● **How to complete this task**
Scan the records below for the line containing "Barbara Mandrell Just" and the line containing "Renault Megane 1,5dci inmatriculat 2009". Copy both, plus every line between, exactly.

● **Information shown**
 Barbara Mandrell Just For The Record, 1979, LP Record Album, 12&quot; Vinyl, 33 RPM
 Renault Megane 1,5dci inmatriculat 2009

---

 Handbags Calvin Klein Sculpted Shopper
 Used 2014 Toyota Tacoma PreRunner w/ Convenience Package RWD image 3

● **Task result**
 Barbara Mandrell Just For The Record, 1979, LP Record Album, 12&quot; Vinyl, 33 RPM
 Renault Megane 1,5dci inmatriculat 2009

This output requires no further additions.